Nel momento in cui veniva data per scontata la vittoria di Mitt Romney, e i competitori venivano giudicati senza speranza, la mancata competizione faceva sì che i mezzi di comunicazione passassero sotto silenzio le debolezze dello stesso Romney, come ad esempio le sue difficoltà a convincere gli elettori repubblicani degli stati del sud. Probabilmente i media amici pensavano di poterlo aiutare, coprendo quelle difficoltà. Forse credevano che fosse meglio mettere fine ad una competizione interna al partito che sembrava interminabile e poteva trascinarsi fino alla convention, per cominciare a concentrarsi sul vero bersaglio, Barack Obama. Tuttavia, questo non era quello che pensavano gli elettori, era solo quello che pensavano coloro che avevano il compito/dovere di tenerli adeguatamente informati. Nessuna regola del partito repubblicano attribuisce a costoro il diritto di decidere al posto degli elettori.

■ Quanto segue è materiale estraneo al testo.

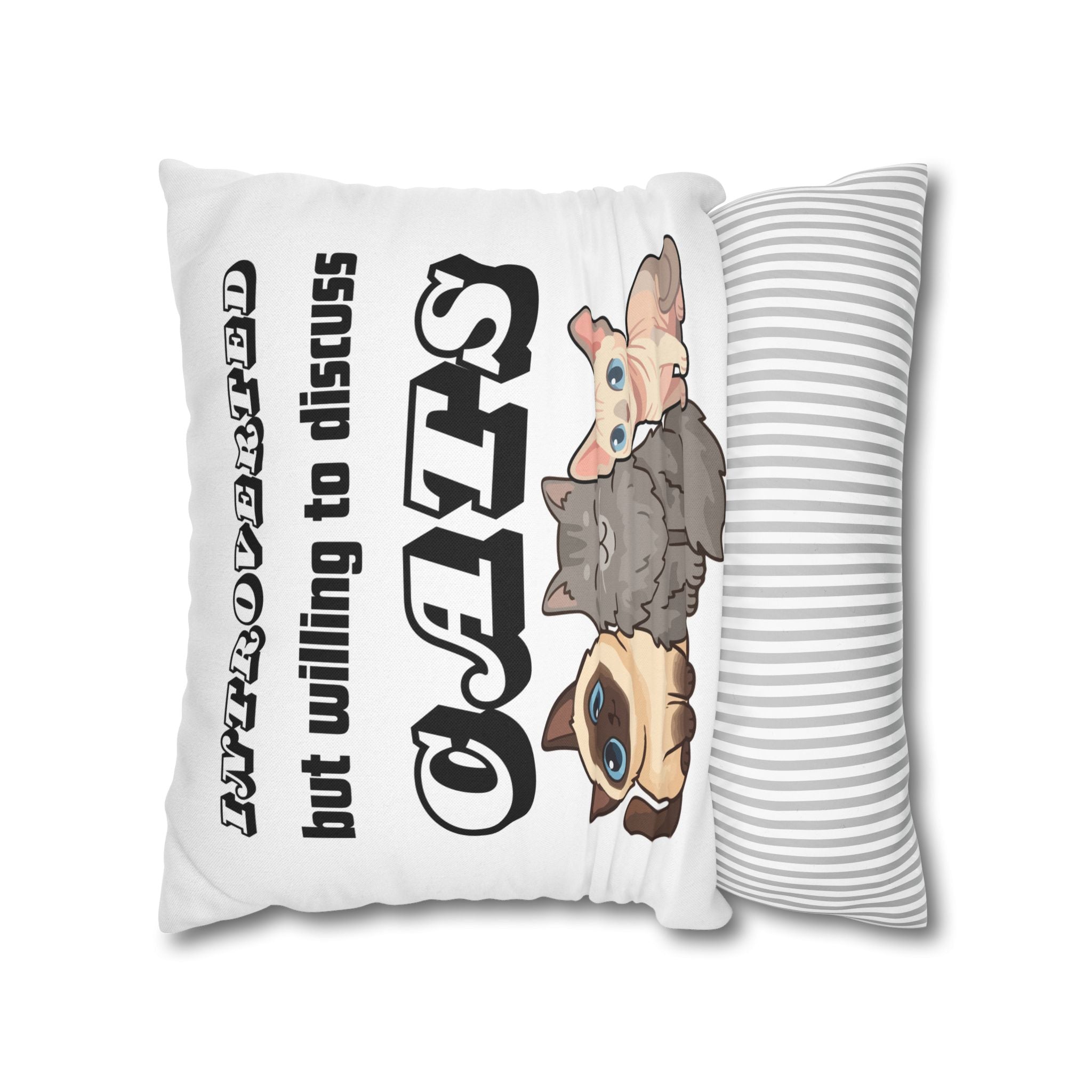 Introverted But Willing to Discuss Cats Pillowcase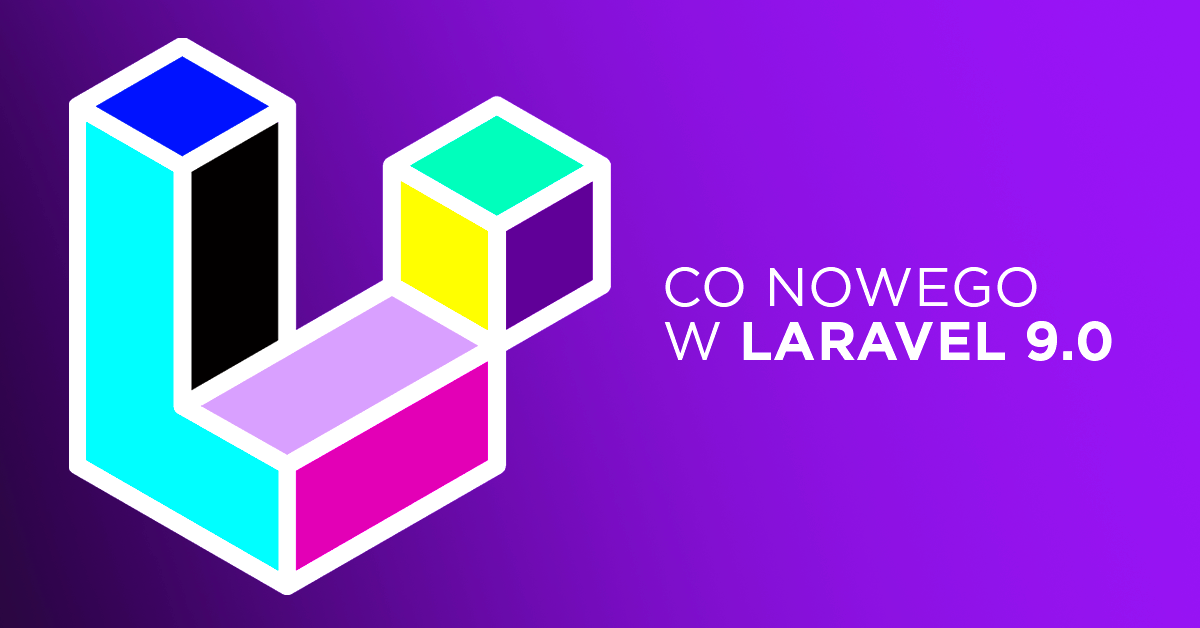 Co nowego pojawi się w Laravel 9.0?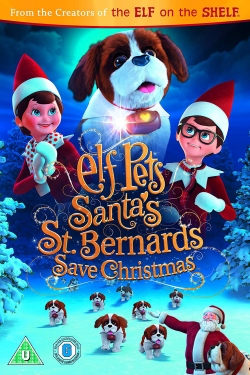 Watch Elf Pets: Santa's St. Bernards Save Christmas movies free online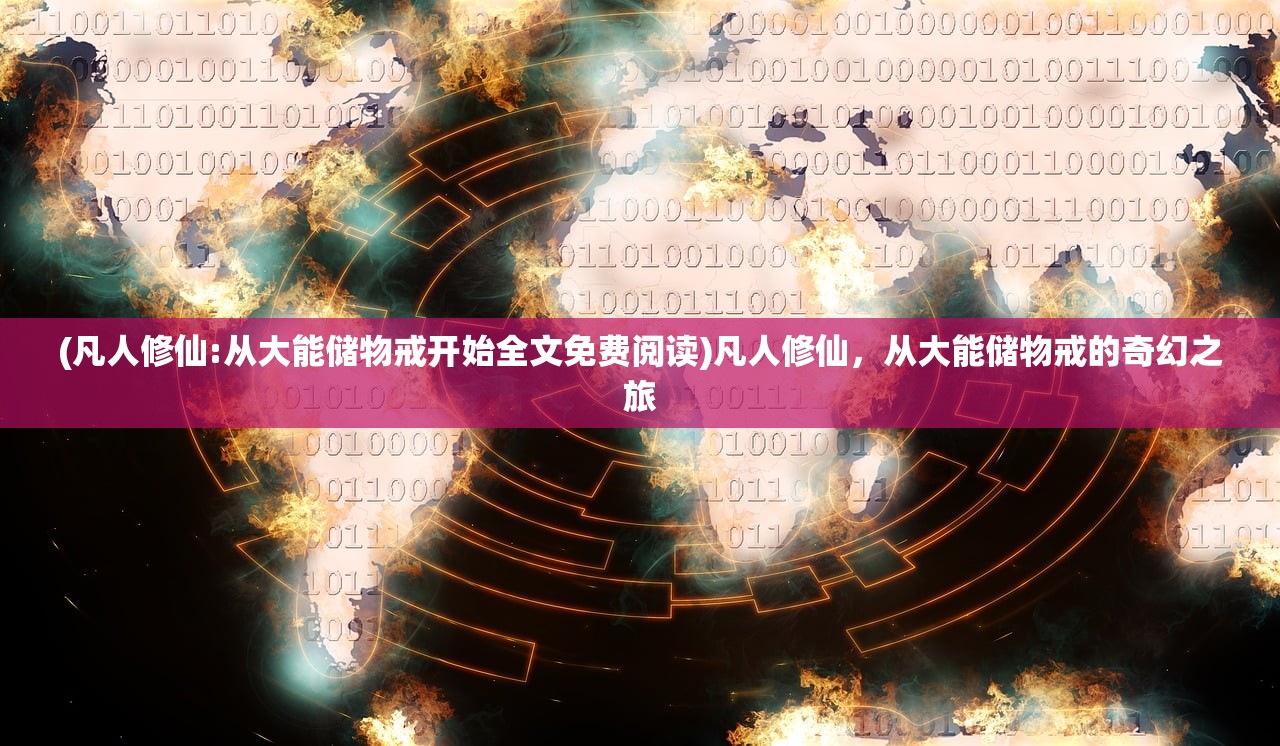 (凡人修仙:从大能储物戒开始全文免费阅读)凡人修仙，从大能储物戒的奇幻之旅
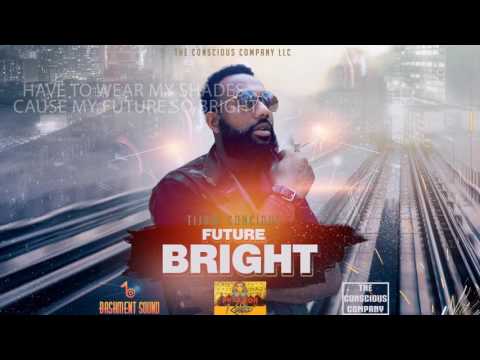 Tijani Concious - Future Bright (Promo Video)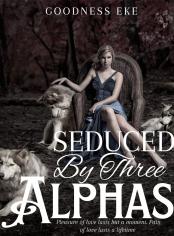 Seduced By Three Alphas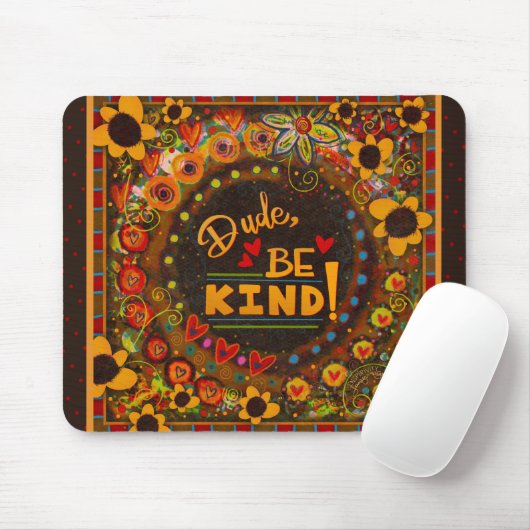 Funny Einzigartiger Typ sei freundlich und freundl Mousepad (Mit Mouse)
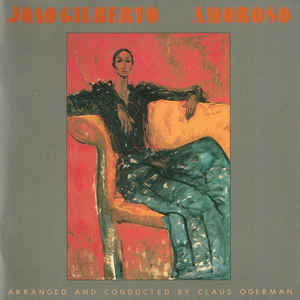 Amoroso - João Gilberto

Infatti, nascondere le difficoltà di Mitt Romney non lo aiuterà affatto.

Il sistema fatto di primarie sequenziali e convention ha una grande virtù: permette di fare emergere la volontà popolare con dovuto anticipo. Il candidato alla nomina può scoprire le proprie debolezze per tempo, quindi prendere delle precauzioni e contromisure, risolvere i problemi, superare quelle difficoltà. Ignorare il responso degli elettori e nascondere le debolezze significa non trarre alcun vantaggio dallo strumento primarie/convention, rinunciare a sfruttarne le enormi potenzialità, e alla fine mettere l’establishment al di sopra del popolo, come ai vecchi tempi.

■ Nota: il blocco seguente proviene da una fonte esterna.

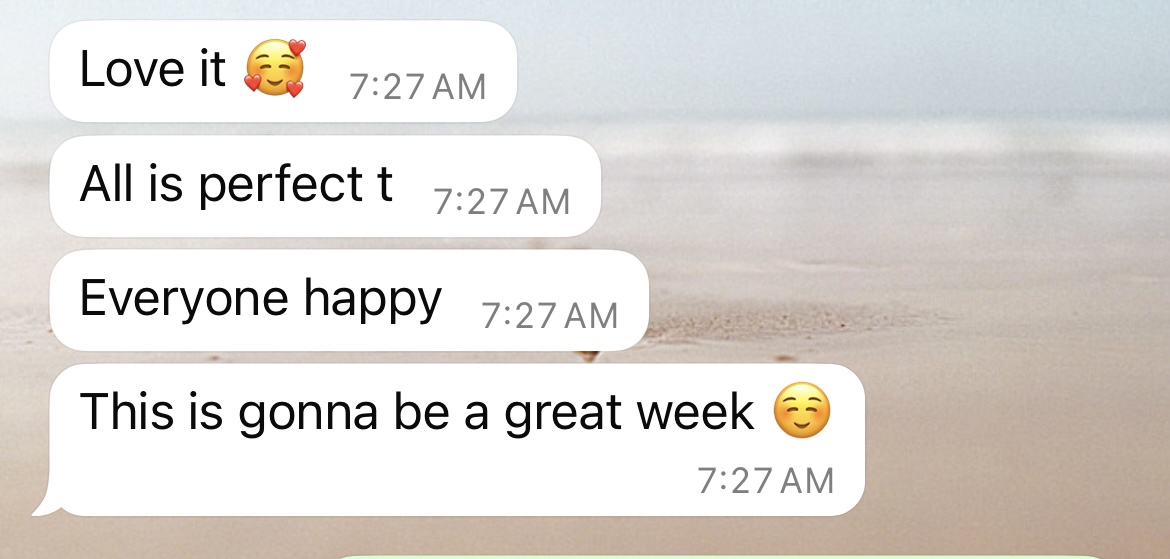 Here's alt text for the image:
"A text message conversation screenshot showing four consecutive white message bubbles against a blurred beach background. The messages read: 'Love it' with a smiling face with hearts emoji (7:27 AM), 'All is perfect t' (7:27 AM), 'Everyone happy' (7:27 AM), and 'This is gonna be a great week' with a smiling face emoji.
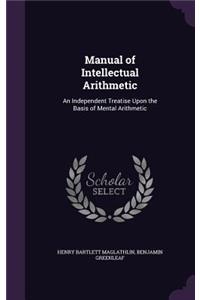 Manual of Intellectual Arithmetic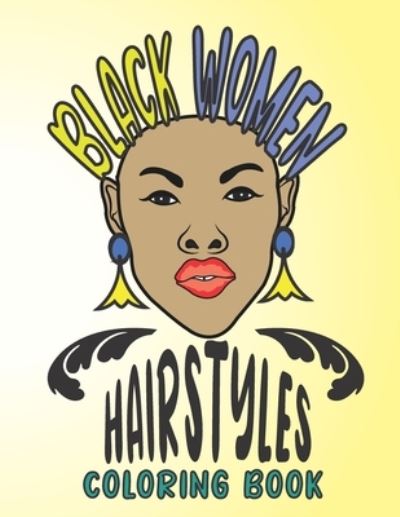 Cover for Jassmine Aourir · Black Women Hairstyles Coloring Book (Paperback Book) (2021)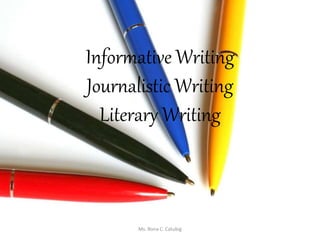 Informative Writing
Journalistic Writing
Literary Writing
Ms. Rona C. Catubig
 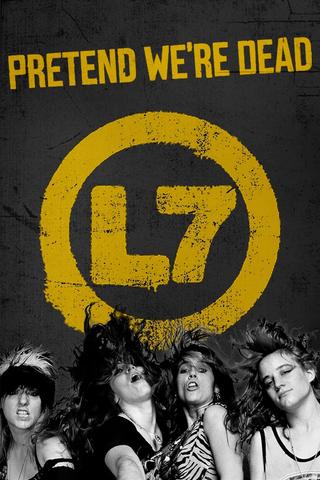 L7: Pretend We're Dead poster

Alle volte il partito repubblicano americano mostra mancanza di disciplina e prende un gran numero di decisioni scoordinate e illogiche. La ragione principale è che quel partito è sostanzialmente un "partito anarchico", cioè un partito senza alcuna vera e propria regola nazionale (a differenza del partito democratico americano, che si è datto delle regole nazionali, anche se blande, a partire dal 1972). L’argomento usato tipicamente da chi vuole porre velocemente fine alla stagione delle primarie è: "ma lo facciamo solo nell’interesse del partito". Si tratta di un argomento insensato. Che ne sanno queste persone di quale sia l’interesse del partito? Non sono gli elettori a stabilire qual è l’interesse del partito? In definitiva, l’unico interesse del partito è attrarre elettori e per attratte elettori occorre convincerli a votarti. Sostituire la volontà degli elettori con la propria è l’errore peggiore e più comune commesso dai politici, e non aiuta certo ad attrarre nuovi elettori, casomai aiuta a respingere una parte di quelli già acquisiti.

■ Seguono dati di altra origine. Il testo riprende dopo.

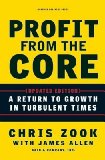 Profit from the Core: A Return to Growth in Turbulent TimesÂ Â  [PROFIT FROM THE CORE UPDATED/E] [Hardcover]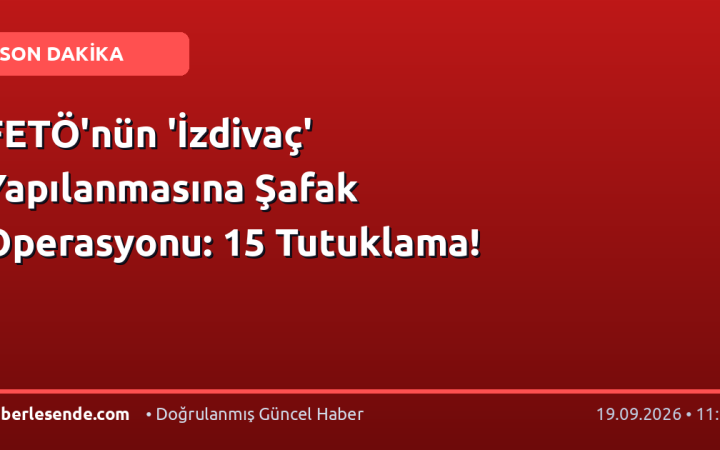 FETÖ'nün 'İzdivaç' Yapılanmasına Şafak Operasyonu: 15 Tutuklama!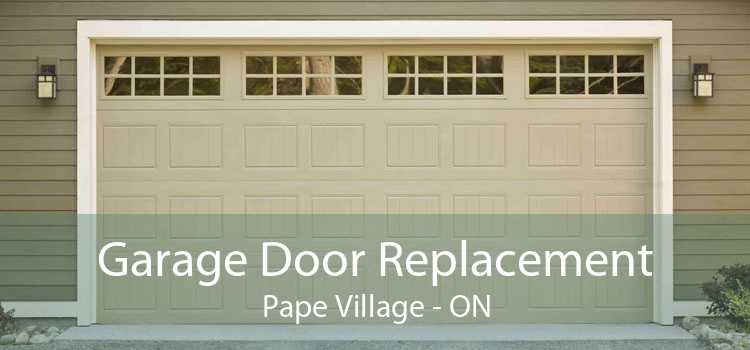 Garage Door Replacement Pape Village - ON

Romney avrà delle grandi difficoltà a convincere gli elettori del sud a scendere in campo e sostenerlo coll’entusiasmo di cui ha disperatamente bisogno. Per ridurre il danno, probabilmente sceglierà un candidato vicepresidente proveniente dal sud, magari una donna. Tuttavia, una soluzione del genere sarà comunque percepita per quello che è: un taglia-incolla, "un po’ di questo per guadagnare un po’ di quello", una tipica operazione di facciata con cui un politico cerca di coprire le proprie mancanze. Non entusiasmerà gli elettori e non scalderà i loro cuori. Molti di loro, specialmente nel sud, si sentiranno ignorati e trascurati. Una piccola percentuale di loro non andrà a votare. Probabilmente quella piccola percentuale di votanti costerà a Mitt Romney la vittoria.